Indonesia Kembali Disorot AS, Masuk Daftar Pengawasan Prioritas Akibat Maraknya Pembajakan dan Barang Palsu

Ilustrasi peredaran barang palsu di pasar, mulai dari tas hingga produk bermerek tiruan yang masih marak dan menjadi sorotan dalam laporan USTR 2026 terkait perlindungan HKI di Indonesia.

Kumbanews.com – Indonesia kembali menjadi perhatian Amerika Serikat setelah masuk dalam daftar Priority Watch List pada laporan tahunan Special 301 Report 2026 yang dirilis Office of the United States Trade Representative (USTR).

Status ini menandakan Indonesia masih menghadapi tantangan serius dalam perlindungan dan penegakan Hak Kekayaan Intelektual (HKI), mulai dari hak cipta, paten hingga merek dagang.

Bacaan Lainnya

Dalam laporan yang dirilis pada Minggu (3/5/2026), USTR menilai berbagai persoalan klasik masih terjadi, seperti maraknya pembajakan konten digital serta peredaran barang palsu di pasar domestik.

“Pelaku inovasi, kreator, dan pemilik merek sangat bergantung pada perlindungan kekayaan intelektual yang kuat,” ujar Duta Besar AS, Rick Switzer dalam pernyataannya.

Pembajakan dan Barang Palsu Jadi Sorotan

Masuknya Indonesia dalam daftar pengawasan prioritas menunjukkan masih lemahnya penegakan hukum terhadap pelanggaran HKI.

Beberapa isu utama yang disorot antara lain:

  • Tingginya pembajakan konten digital
  • Maraknya peredaran barang palsu
  • Minimnya penindakan terhadap pelanggaran hak cipta

USTR menegaskan akan terus menekan negara-negara dalam daftar tersebut agar memperbaiki kebijakan dan implementasi di lapangan.

“Penggunaan seluruh instrumen penegakan hukum untuk melawan praktik perdagangan tidak adil menjadi prioritas utama,” kata Jamieson Greer.

Selain Indonesia, sejumlah negara seperti China, India, Rusia, Chile, dan Venezuela juga masuk dalam kategori yang sama.

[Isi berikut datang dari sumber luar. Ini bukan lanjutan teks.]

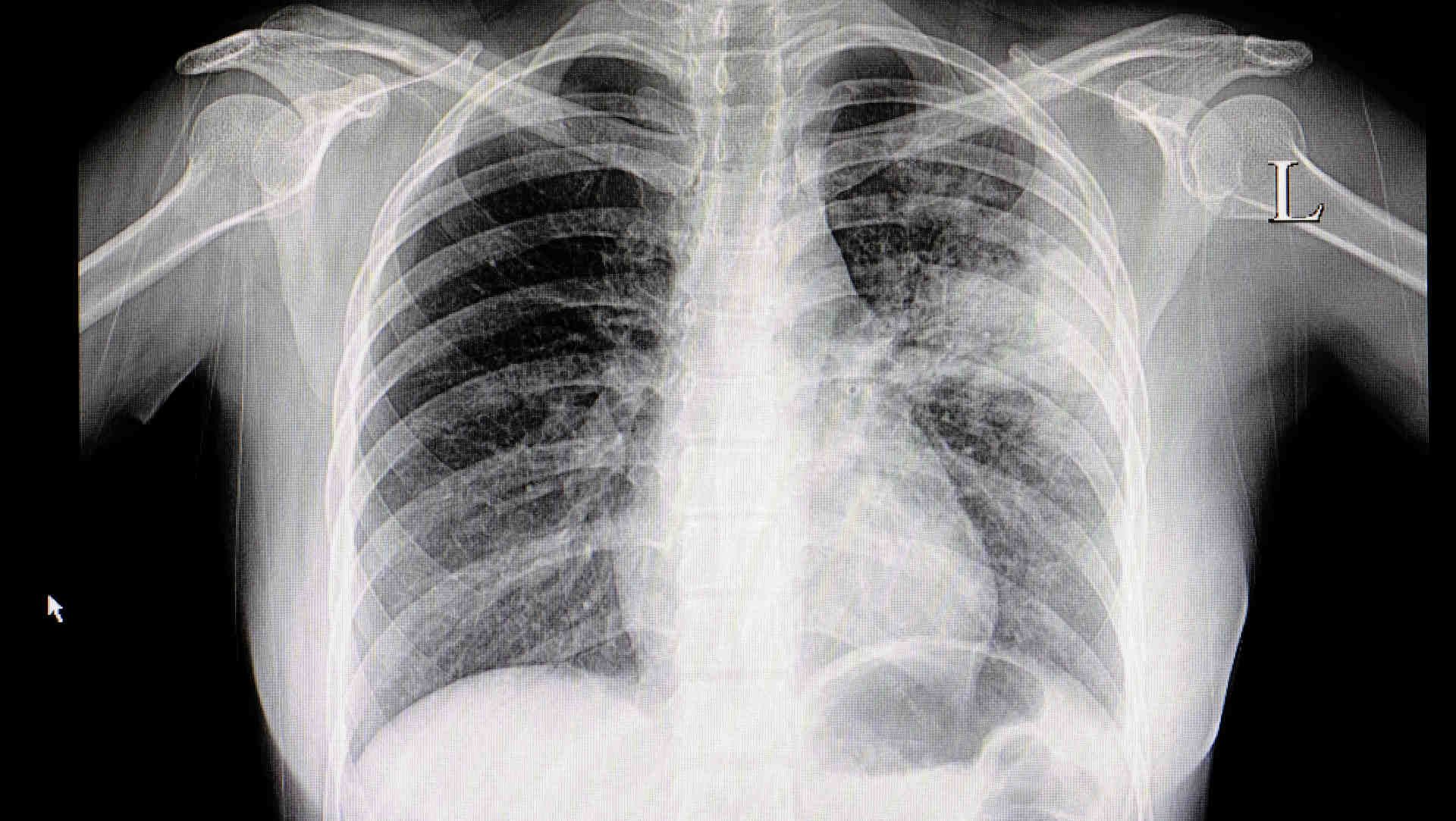CXR of a lobar pneumonia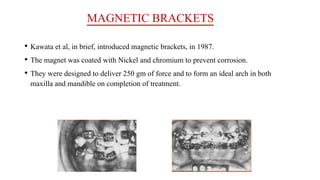 MAGNETIC BRACKETS
• Kawata et al, in brief, introduced magnetic brackets, in 1987.
• The magnet was coated with Nickel and chromium to prevent corrosion.
• They were designed to deliver 250 gm of force and to form an ideal arch in both
maxilla and mandible on completion of treatment.
 
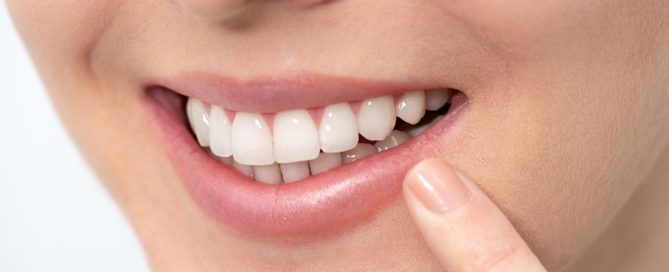 Teeth Whitening (2)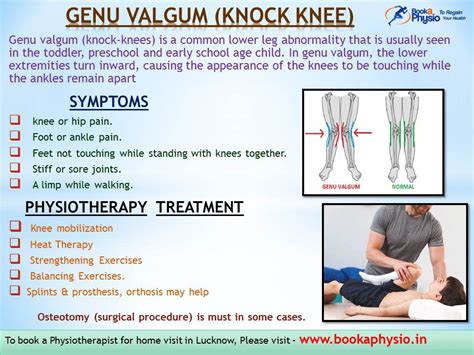 Genu Varum Exercises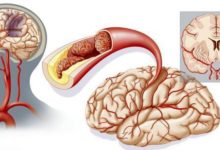 8種人容易得血栓！-頭條楓林網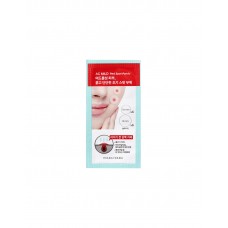 Точечные патчи-вытяжки против воспалений Holika Holika AC Mild Red Spot Patch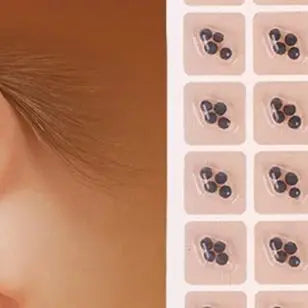 400patches Ear Care Seeds Acupuncture Auricular Disposable Ear Stickers Massage Therapy Needle Patch Auricular Auriculotherapy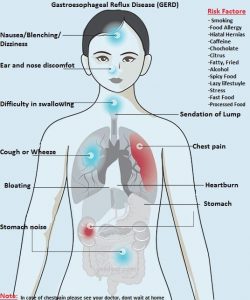 Gastroesophageal Reflux Disease Symptoms Causes Treatment
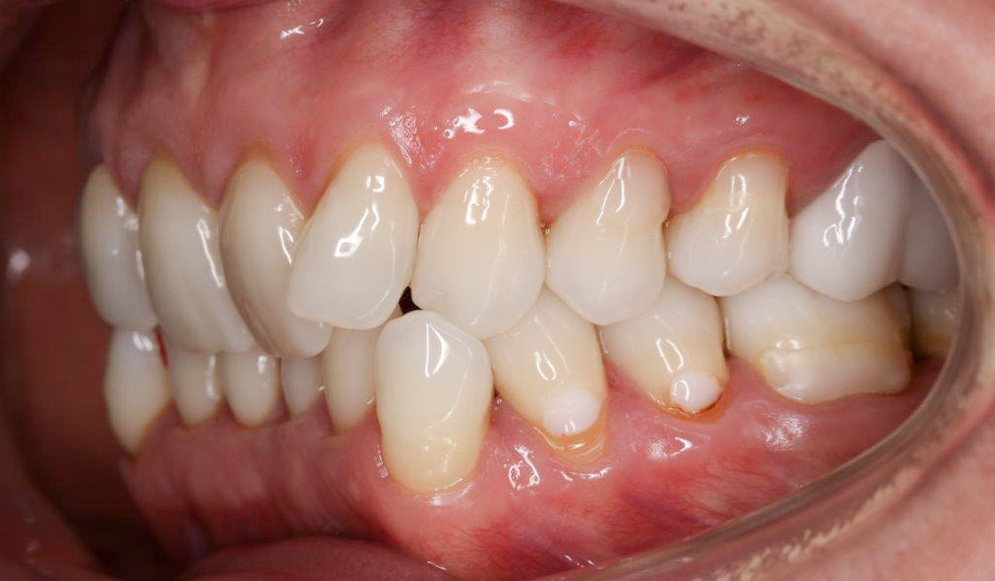 Trio-Dental-braces-Before02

Bahkan Vietnam ditempatkan pada level lebih serius, yakni Priority Foreign Country.

Dampak ke Iklim Investasi

Status Priority Watch List bukan sekadar label, tetapi berpotensi memengaruhi hubungan dagang Indonesia dengan Amerika Serikat.

Beberapa dampak yang mungkin terjadi meliputi:

  • Tekanan diplomatik untuk memperbaiki regulasi HKI
  • Pengawasan lebih ketat dalam kerja sama perdagangan
  • Pengaruh terhadap iklim investasi, khususnya sektor kreatif dan teknologi

Kondisi ini menjadi sinyal kuat bahwa pemerintah perlu memperkuat sistem perlindungan HKI, sekaligus meningkatkan efektivitas penegakan hukum agar mampu menekan praktik pembajakan dan peredaran produk ilegal di pasar.